Reproduce exactly the span of lines beginning at the one with "Нискуба Дубак 2021 Official Audio" and ending at the last line of the data below, omitting pictures.

- **RECORDED INFORMATION**:
_____
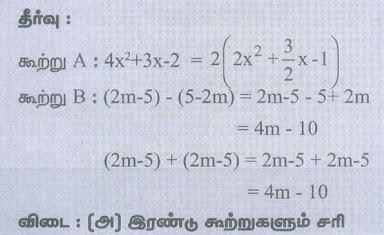 பயிற்சி 3.2 (இயற்கணிதக் கோவைகளின் வகுத்தல்) - கேள்வி பதில்கள் ...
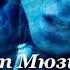 Нискуба Дубак 2021 Official Audio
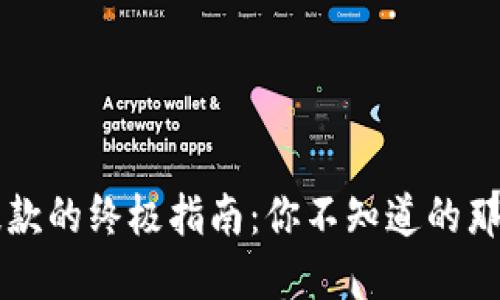 以太坊钱包提款的终极指南：你不知道的那些步骤和技巧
_____
- **ANSWER BELOW**:
 Нискуба Дубак 2021 Official Audio
 以太坊钱包提款的终极指南：你不知道的那些步骤和技巧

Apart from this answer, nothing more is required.